Litigation related to 401(k) plans — which had declined after the Great Recession — has surged again recently.
Over 100 new 401(k) complaints were filed in 2016-17, the highest two-year total since 2008-09.
A recent study explores the causes and potential consequences of this litigation.
The extensive litigation in the 401(k) area reflects the DOL approach to regulation.
The agency is charged with enforcing the Employee Retirement Income Security Act of 1974 (ERISA), which governs 401(k) plans.
But instead of issuing specific guidance on how plan fiduciaries should act — such as providing concrete factors to consider in determining whether fees are reasonable — it has tended to “regulate by enforcement” after the fact.
While this approach provides the agency with the flexibility to identify emerging issues as they arise and tailor any response to specific circumstances, it also means that fiduciaries are often left to guess at what practices comply with the law.
The 401(k) lawsuits fall into three major areas.
Inappropriate investment choices: ERISA does not spell out specifically what type of investment options are appropriate, but rather puts the emphasis on the process of selection.
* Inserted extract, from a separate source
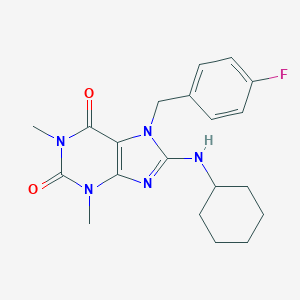 molecular formula C20H24FN5O2 B481963 8-Cyclohexylamino-7-(4-fluoro-benzyl)-1,3-dimethyl-3,7-dihydro-purine-2,6-dione CAS No. 359904-06-6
Two fiduciaries could choose the same investment option and face different risks of liability if one followed a prudent decision-making and monitoring process and the other did not. Issues also arise when fiduciaries include the employer’s own stock in its 401(k) plan and that stock performs badly. Most of the suits in the wake of the Great Recession centered on investment choice.
Excessive fees: Litigation often involves the allegation of excessive investment and/or administrative fees. Similar to the issues regarding inappropriate investment options, ERISA requires that fiduciaries follow a careful, prudent process to ensure that plans pay no more than reasonable fees for necessary services. Fees have been the major source of litigation during the recent resurgence of litigation.
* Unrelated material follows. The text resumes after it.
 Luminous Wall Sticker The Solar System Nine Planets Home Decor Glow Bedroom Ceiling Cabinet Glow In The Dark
Self-dealing: In the ERISA context, the term “self-dealing” most often refers to a case in which a plan fiduciary acts in its own best interest rather than serving the plan and its participants. Employers that sponsor ERISA plans can also be held liable for permitting the assets in a benefit plan to “inure to the benefit of the employer.” Self-dealing accounts for only a small share of total lawsuits.
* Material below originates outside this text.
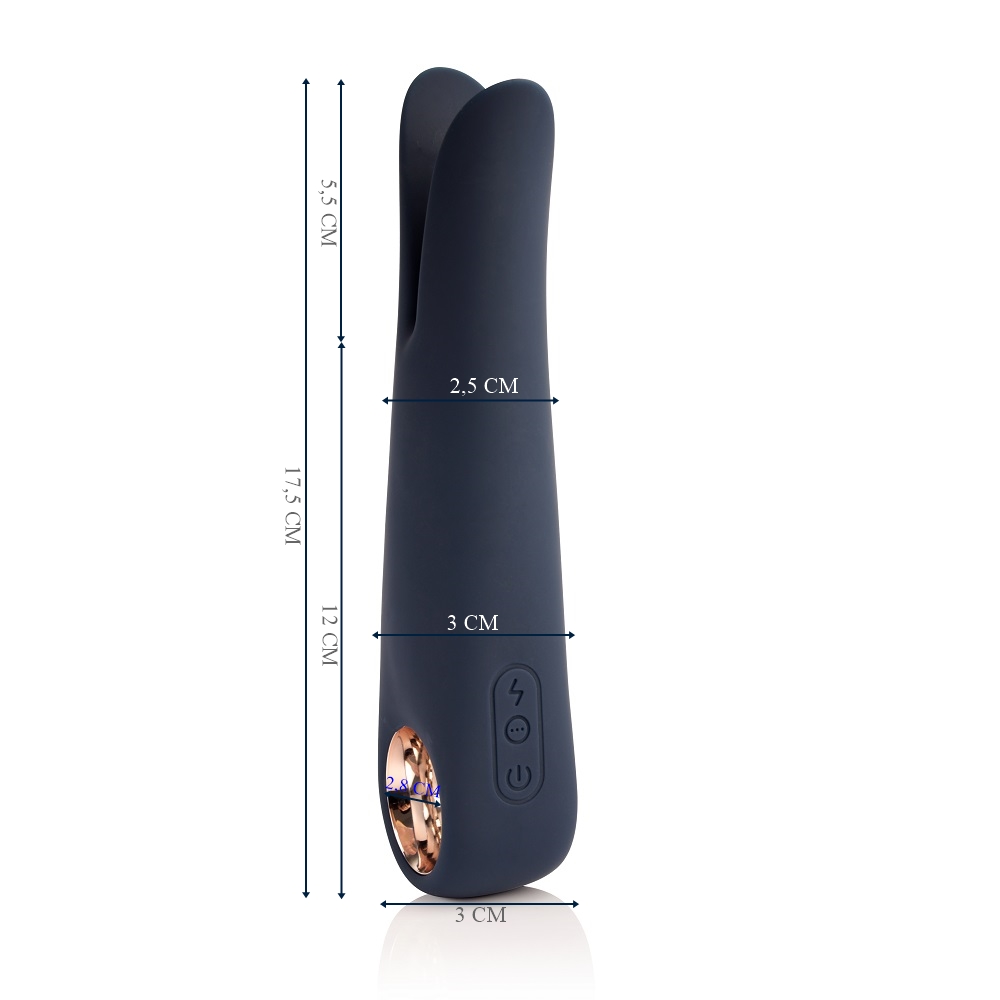 Vibrador Feminino Recarreg�vel Crazy Azul em silicone, vista lateral com dimens�es detalhadas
The extensive litigation inevitably has consequences — some good, some not so good, and some unclear.
Greater use of passive investment options: Plans have been shifting their assets toward more passive investments, at least partially because these investments typically do not pose a risk of significantly underperforming other index funds on performance and fee benchmarks.
Reduction of asset class coverage: Litigation concerns may also have dampened fiduciaries’ appetite to add narrowly-focused investments to their menus. Given the lack of knowledge that most participants have about investing, the gains from not offering such funds in terms of lower fees would likely offset the losses from restricting these options.
Increased fee transparency: Greater scrutiny by plaintiff attorneys in 401(k) litigation, combined with the DOL’s 2012 regulation requiring service providers to disclose their fees to plan fiduciaries, have led to increasing fee transparency. Increased transparency has been accompanied by lower fees.
Lack of innovation: Some experts are concerned that the fear of litigation prevents the use of creative options that may improve participant outcomes — like investment vehicles designed to provide a lifetime income stream when participants retire. After all, offering an annuity option would involve more complexity than passive investments and would require the plan to choose a provider, which itself entails some risk.